Tormann, sein Vorname ist nicht bekannt, scheint in der Stadt Fuß gefasst zu haben. Es wird behauptet, es habe
mehrere Generationen der Familie Tormann in Eberbach gegeben, bis diese wohl irgendwann weggezogen ist oder ausstarb. Heute findet ja man den Namen Tormann nicht mehr unter den Einwohnern.
Eine schöne, fast schon
tränenrührige Geschichte vom Kind in der Krippe. Wenn sie denn stimmen würde. Denn den Namen Tormann findet man
nirgends in den Eberbacher Archiven. Die Suche nach der Wahrheit beginnt beim historischen Einwohnerverzeichnis im Stadtarchiv.
Kein Tormann, an keiner Stelle. Und kirchliche Verzeichnisse beginnen erst später, zur Zeit des Dreißigjährigen Krieges. In genealogischen Übersichten zu Eberbacher Familien gibt es den Tormann auch nicht. Dieser Teil der wundersamen Geschichte von 1529 ist also nicht belegbar.

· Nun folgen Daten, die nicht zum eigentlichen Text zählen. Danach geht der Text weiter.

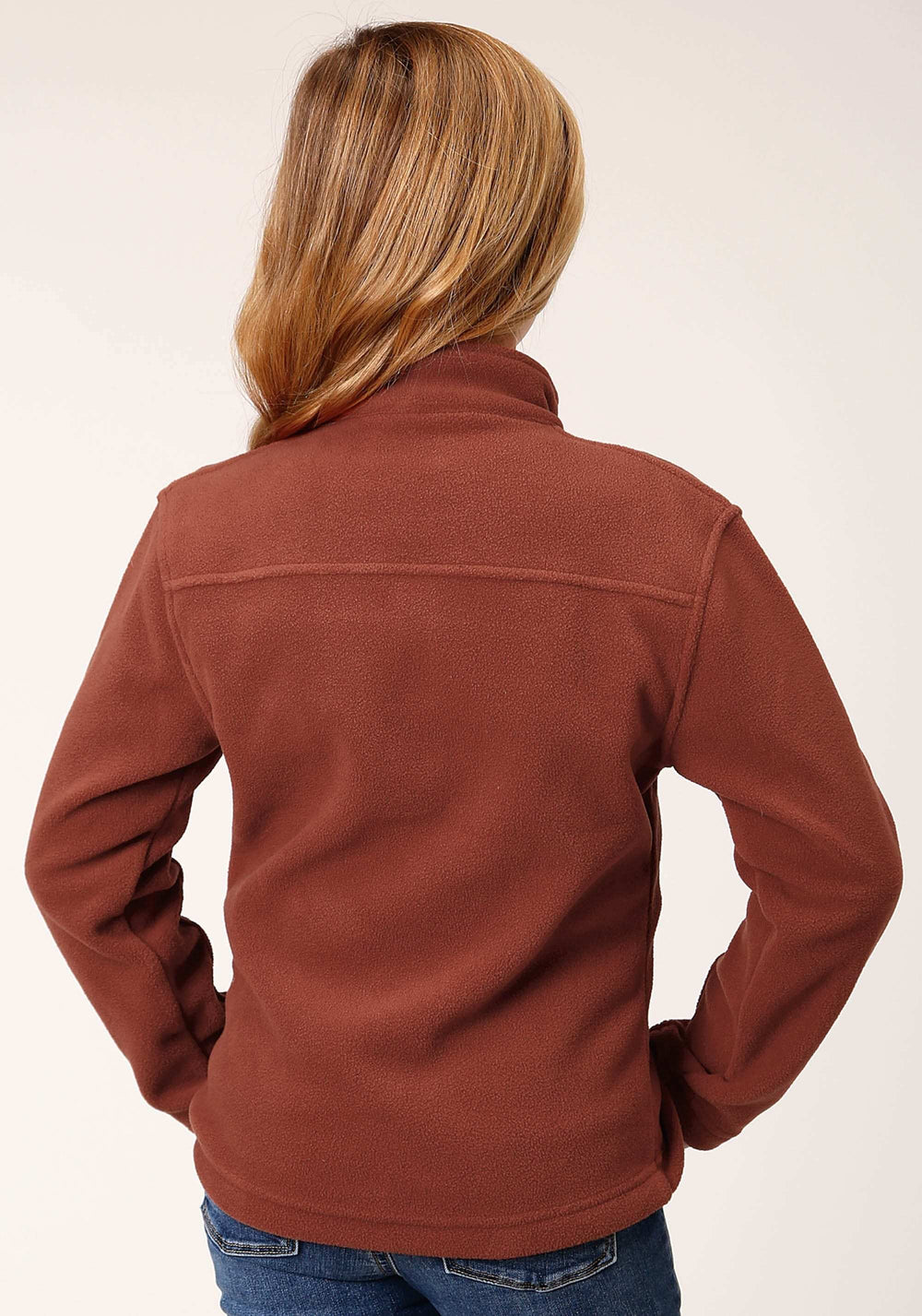 Roper Girls Sienna Rust Micro Polar Fleece Pullover - Roper - Flyclothing LLC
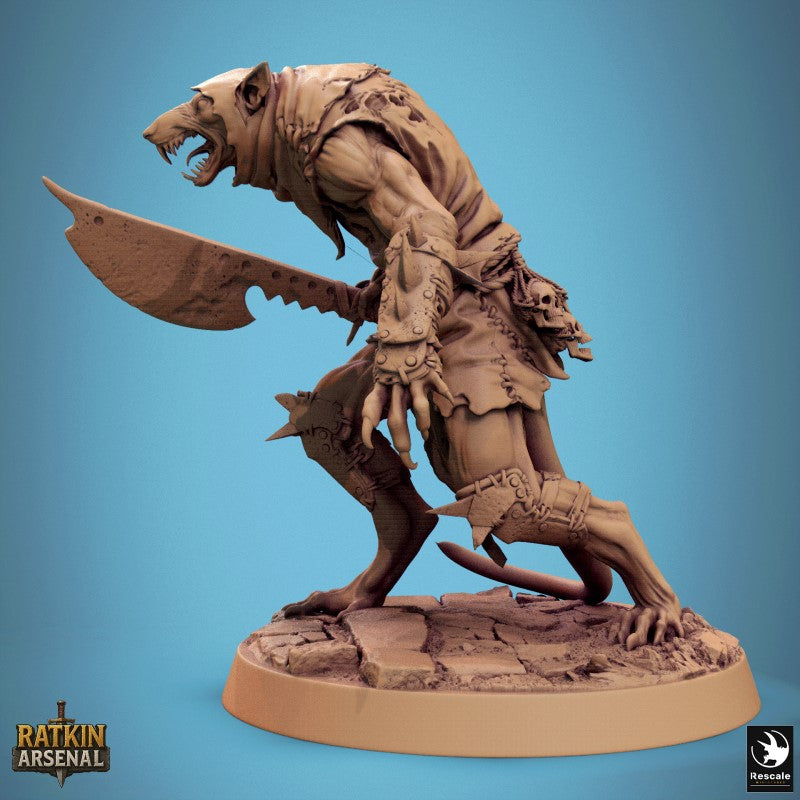 Ratfolk Soldier - Dominion Hatchet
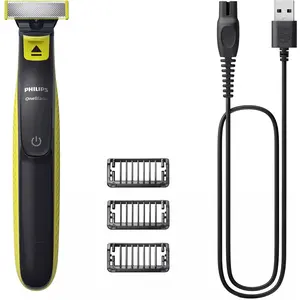 Philips Norelco OneBlade QP2724/10, Folienschaber, Grau, Limette, Batt...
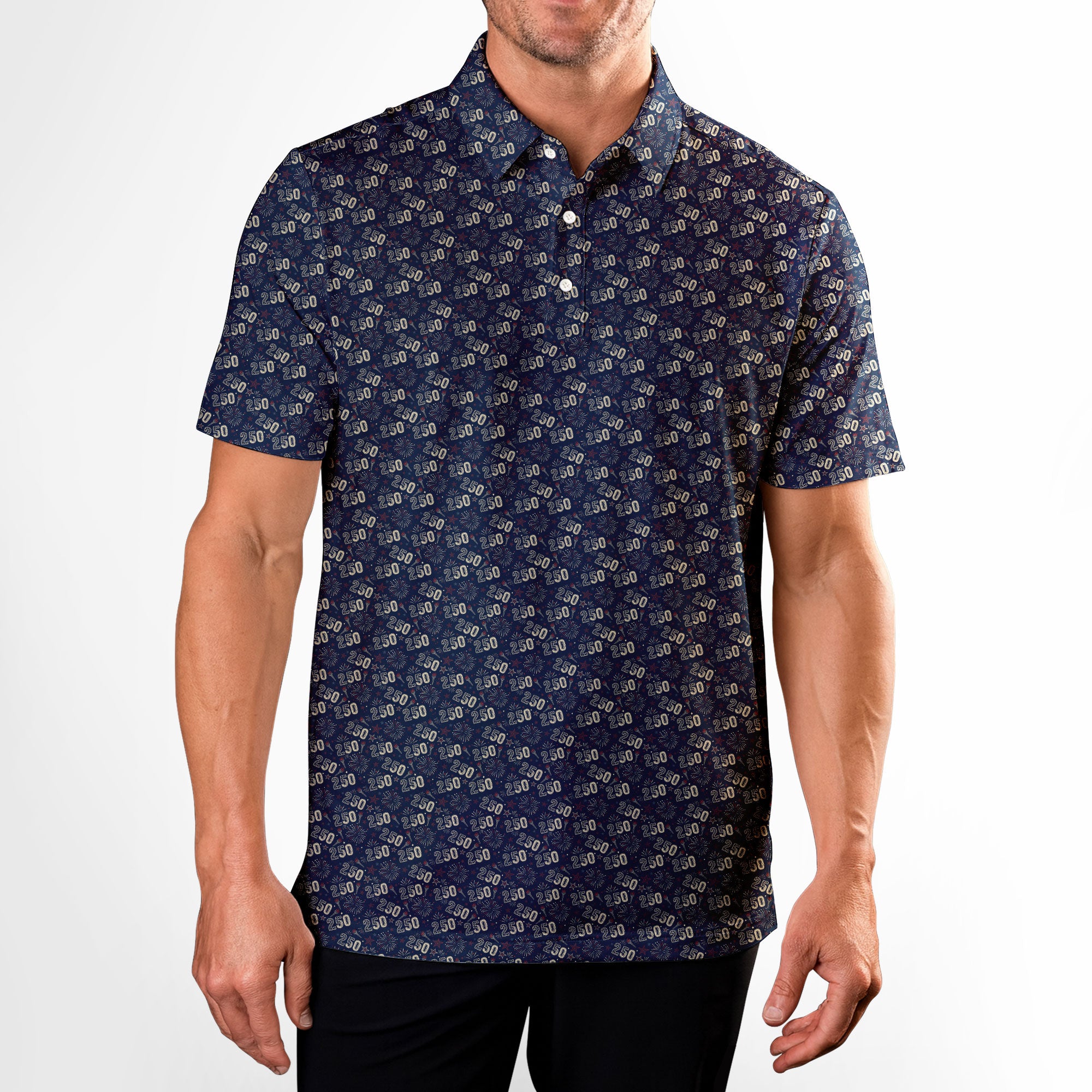 250th Anniversary-Polo Shirt For Men-Gerbera Prints
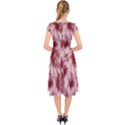 Abstract  Cap Sleeve Front Wrap Midi Dress View2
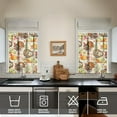 thumbnail image 4 of Fall Kitchen Curtains 36 Inch Short - 3 Panel Set, Autumn Harvest Print, Rod Pocket Window Treatment for Thanksgiving, Farmhouse, Cafe, Living Room - Machine Washable, 4 of 6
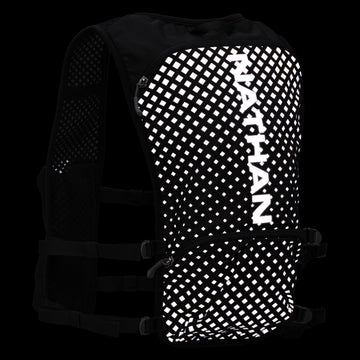 Nathan Hypernight moisture-wicking fabric delivers lightweight comfort.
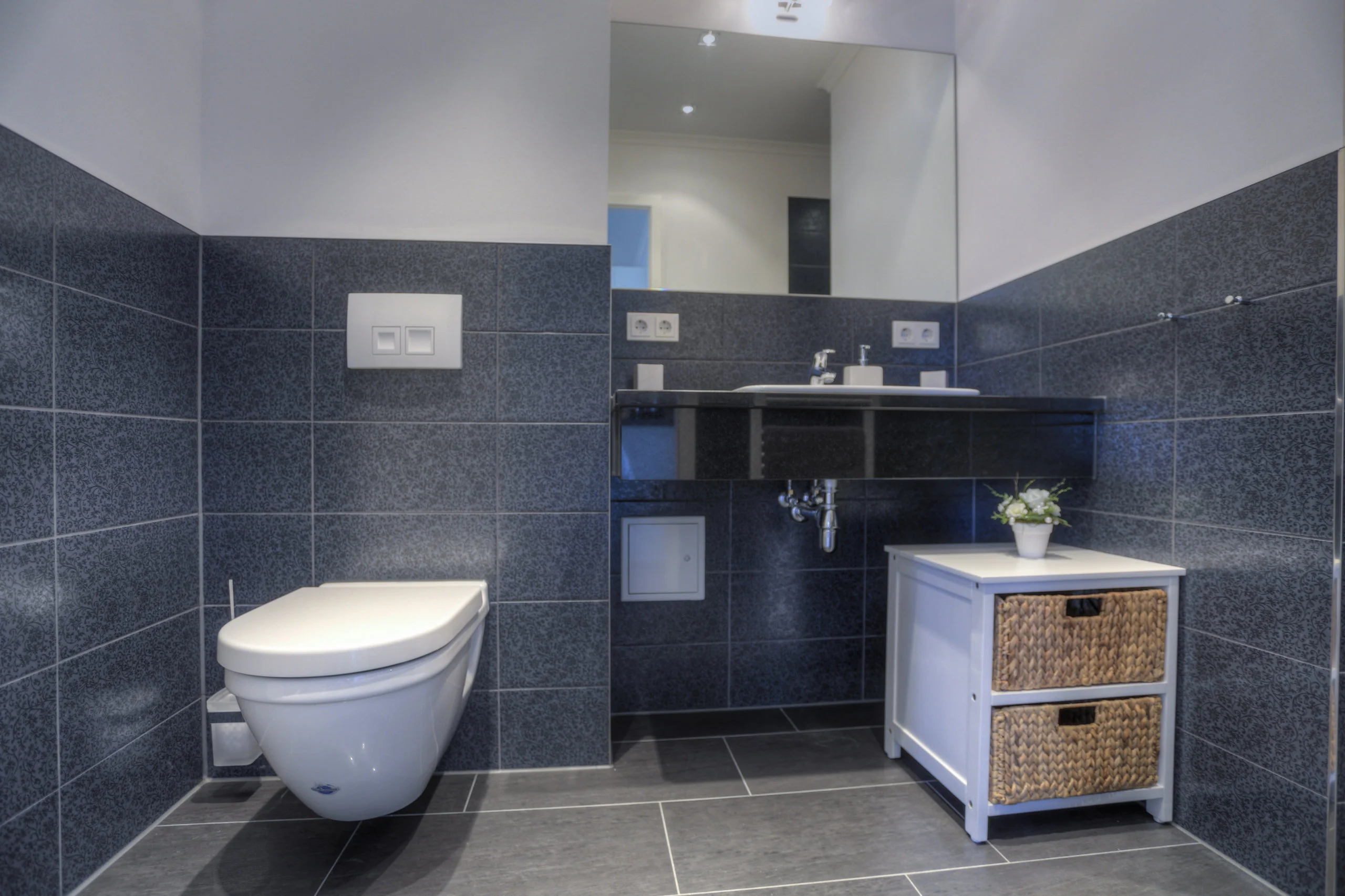 Badezimmer - Ferienwohnung 5 - Villa Namenlos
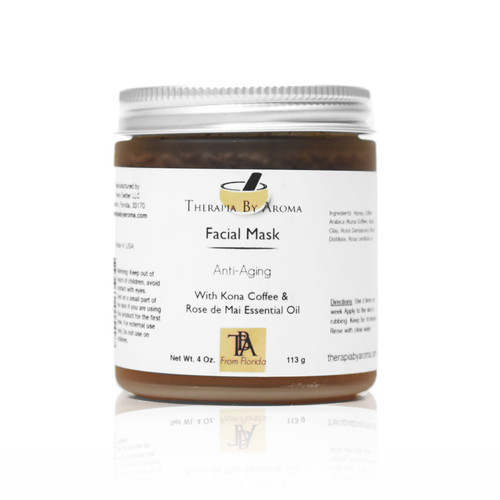 anti aging facial mask honey kona coffee rose essential oil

Weiter geht die Spurensuche beim
Sandsteinbild am alten Rathaus. Es zeigt einen Engel mit einem heute leeren Spruchband und die Jahreszahl 1529, als es das erwähnte Hochwasser gab. Die Tafel hing am Neckartor, bis dieses 1812 abgerissen wurde. Ab 1823 hatte das Relief seinen Platz am neuen Rathaus. Das Bild ist mehr als nur eine
Hochwassermarke,
die üblicherweise die Höhe eines Pegelstandes mit einem Strich anzeigt. Vielleicht ist die Figur ein Schutzengel.
1970 hat eine Historikerin
das Steinbild in einem Buch über „Inschriften der Stadt und des Landkreises Heidelberg“ beschrieben. Einen eingehauenen Text auf dem Band unter dem Engel konnte sie nicht feststellen. Damals war die Fläche noch dick weiß übermalt. Die Verfasserin spekuliert, dass ursprünglich von der Rettung eines beim Hochwasser verunglückten Menschen geschrieben war, ohne es zu belegen.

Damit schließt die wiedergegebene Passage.